### [RECORD EXCERPTS]
--- START ---

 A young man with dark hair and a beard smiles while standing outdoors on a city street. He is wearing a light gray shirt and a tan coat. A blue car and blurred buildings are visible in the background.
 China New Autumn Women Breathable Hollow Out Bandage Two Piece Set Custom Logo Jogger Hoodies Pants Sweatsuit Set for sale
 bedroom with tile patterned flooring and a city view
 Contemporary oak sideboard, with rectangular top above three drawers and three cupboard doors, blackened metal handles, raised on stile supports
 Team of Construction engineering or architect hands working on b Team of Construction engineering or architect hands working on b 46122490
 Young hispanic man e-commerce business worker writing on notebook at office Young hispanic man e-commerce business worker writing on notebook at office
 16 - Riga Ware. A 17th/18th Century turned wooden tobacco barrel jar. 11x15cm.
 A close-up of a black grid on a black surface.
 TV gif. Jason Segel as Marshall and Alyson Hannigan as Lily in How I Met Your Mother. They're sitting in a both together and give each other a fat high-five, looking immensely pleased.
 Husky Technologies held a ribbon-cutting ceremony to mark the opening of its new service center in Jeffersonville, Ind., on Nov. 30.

--- END ---
--- START ---

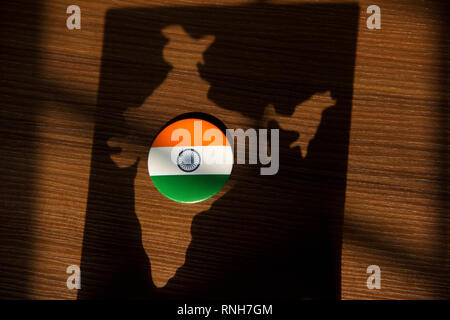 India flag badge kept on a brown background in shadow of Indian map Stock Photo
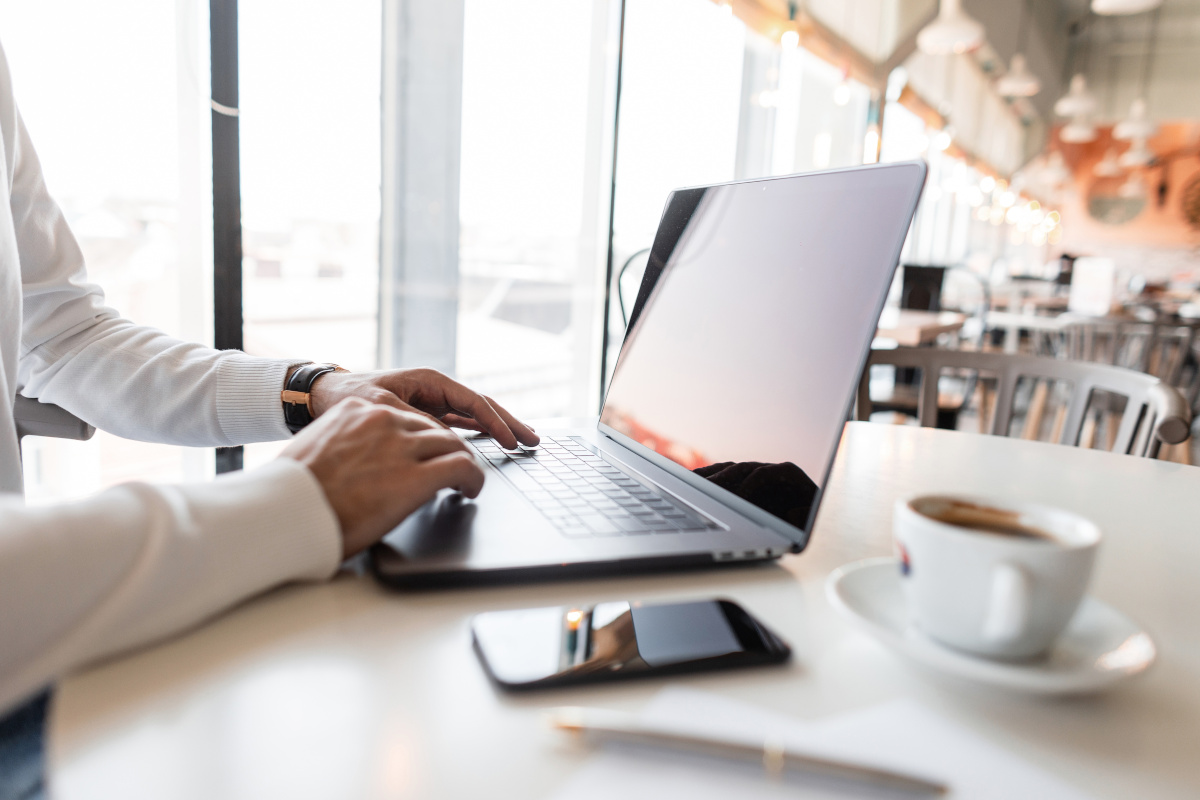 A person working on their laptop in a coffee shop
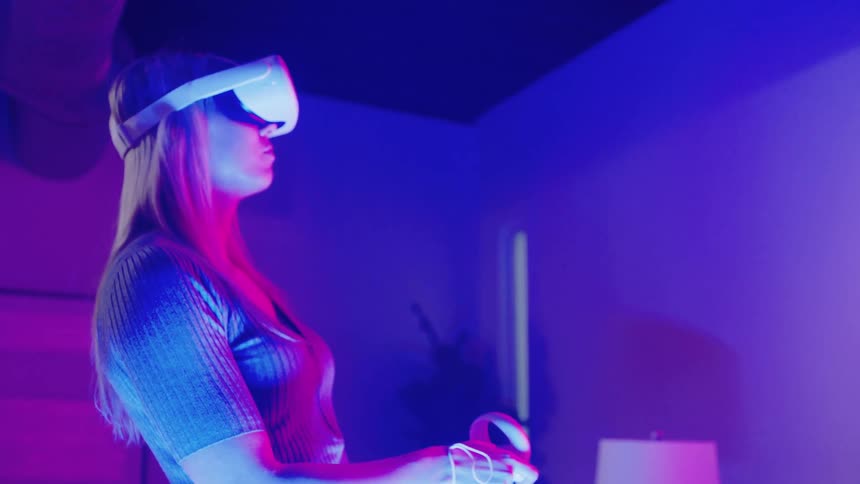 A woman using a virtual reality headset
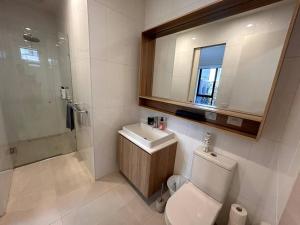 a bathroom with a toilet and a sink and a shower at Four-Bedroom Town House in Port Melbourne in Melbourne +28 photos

--- END ---
--- START ---

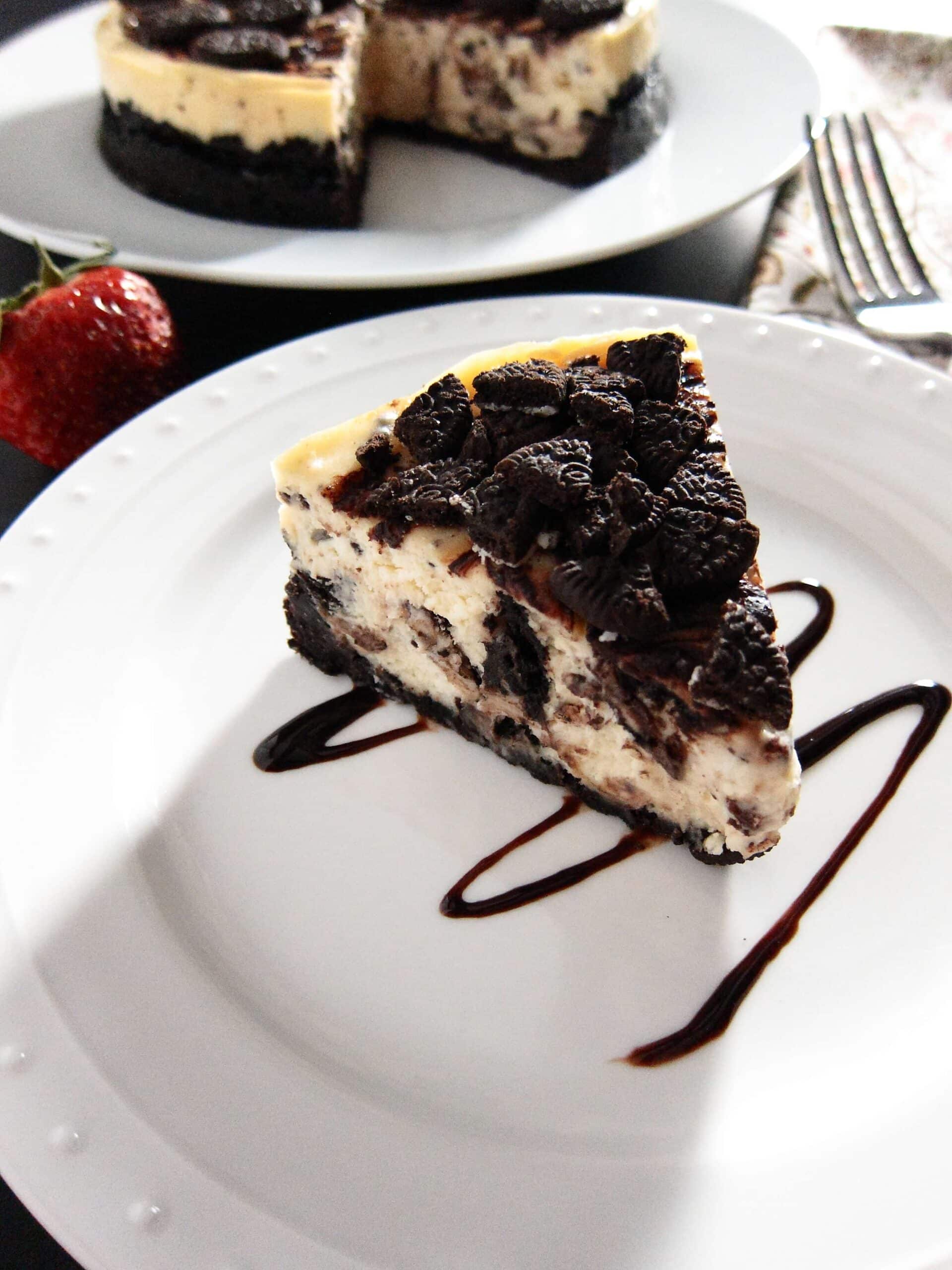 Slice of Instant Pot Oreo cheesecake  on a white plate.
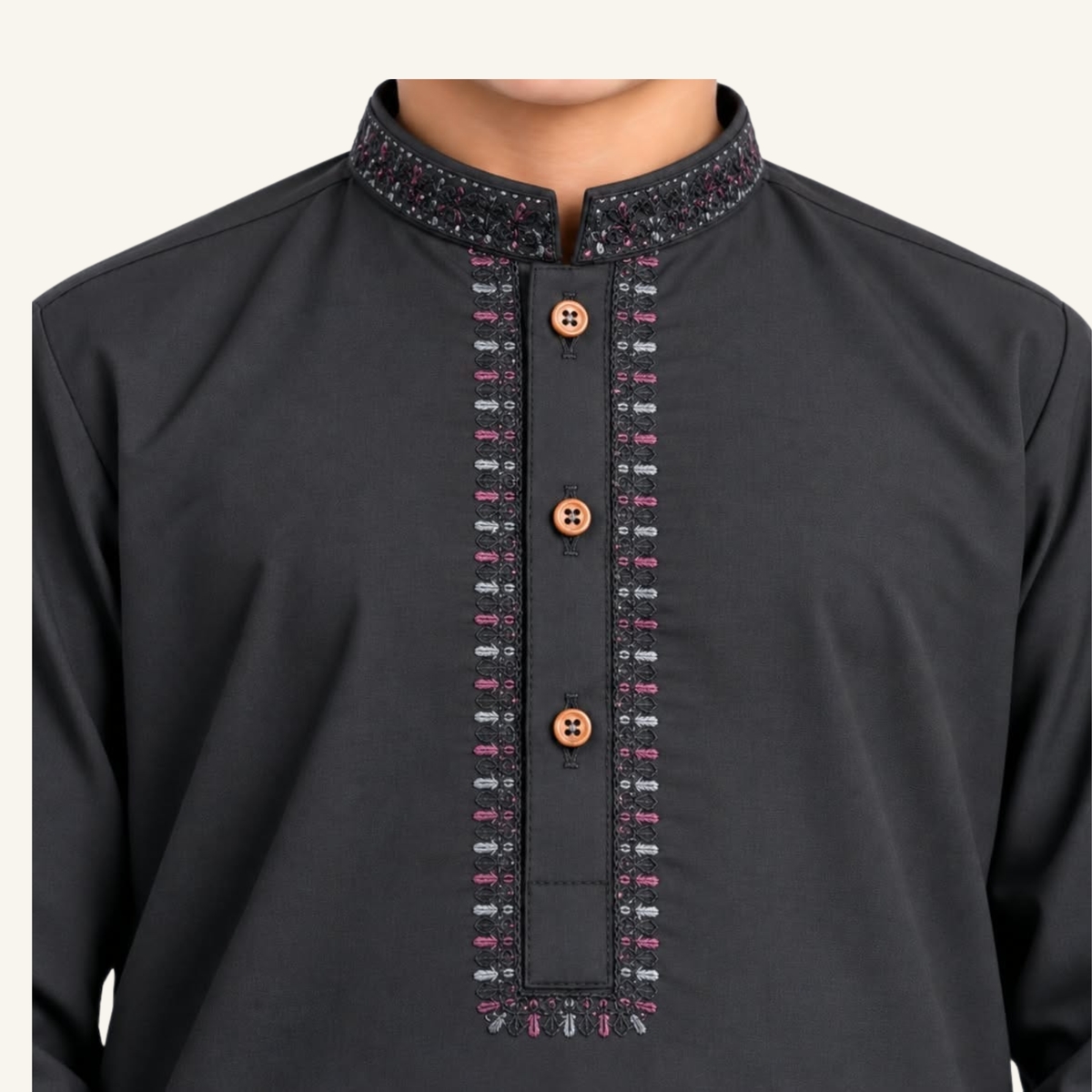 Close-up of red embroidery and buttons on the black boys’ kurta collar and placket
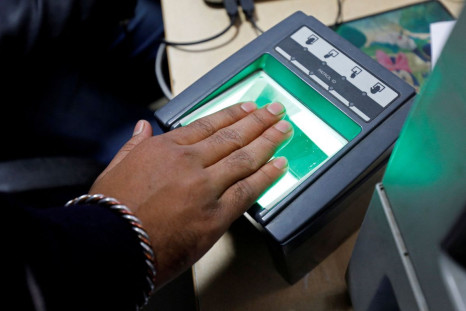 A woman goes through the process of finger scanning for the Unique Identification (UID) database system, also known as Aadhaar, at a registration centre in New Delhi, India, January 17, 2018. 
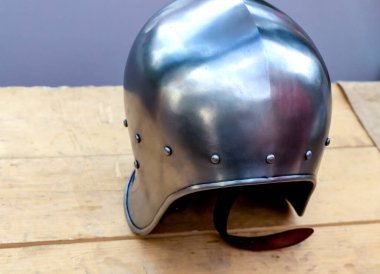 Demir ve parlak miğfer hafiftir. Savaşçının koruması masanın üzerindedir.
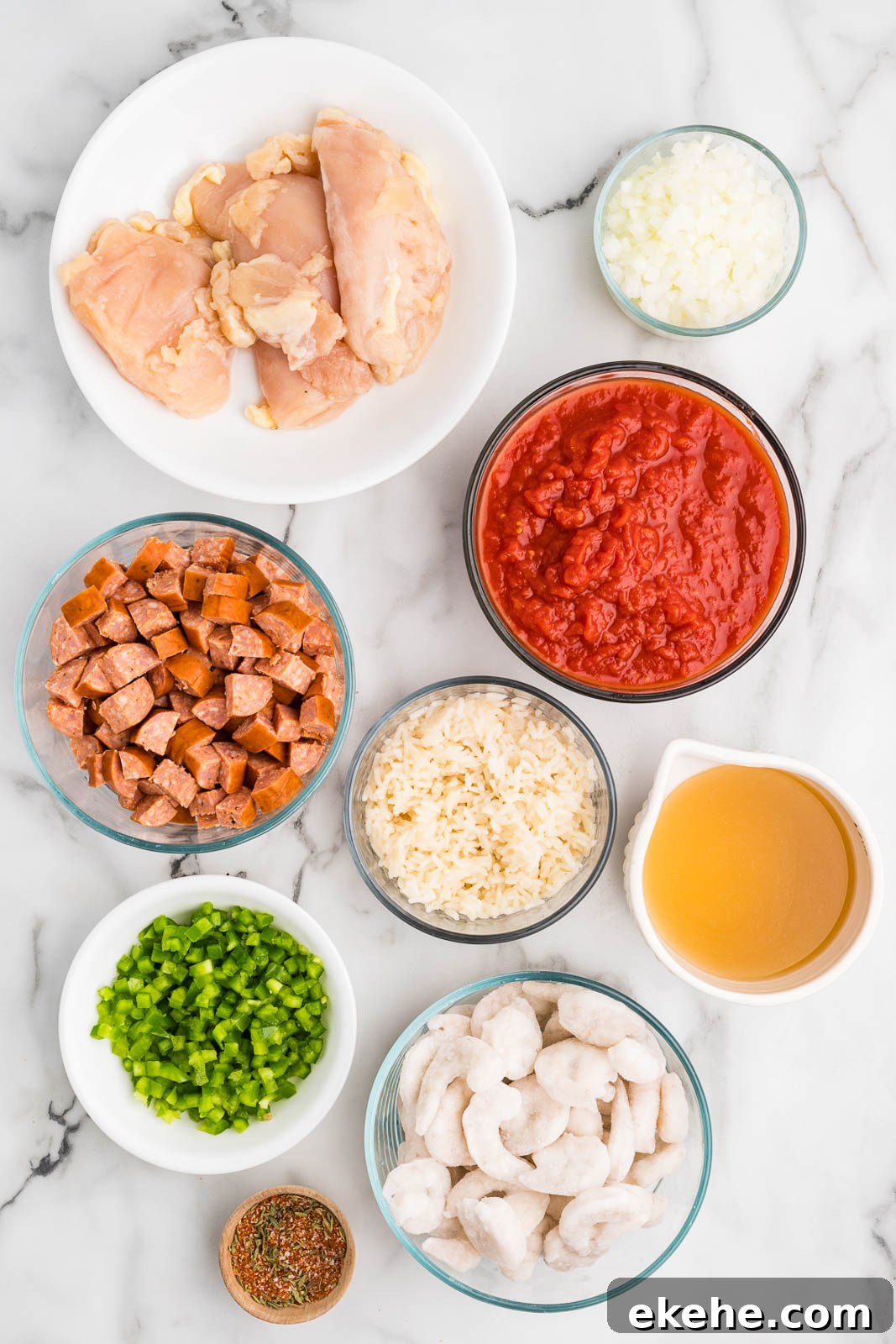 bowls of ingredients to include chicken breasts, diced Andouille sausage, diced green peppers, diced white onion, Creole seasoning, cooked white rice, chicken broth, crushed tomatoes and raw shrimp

--- END ---

### [ASSIGNED TASK]
Make an exact copy of the lines above, beginning with the line with "A person working" and ending with the line with "a bathroom with", and keep the pictures out of it.

### [SOLUTION]
 A person working on their laptop in a coffee shop
 A woman using a virtual reality headset
 a bathroom with a toilet and a sink and a shower at Four-Bedroom Town House in Port Melbourne in Melbourne +28 photos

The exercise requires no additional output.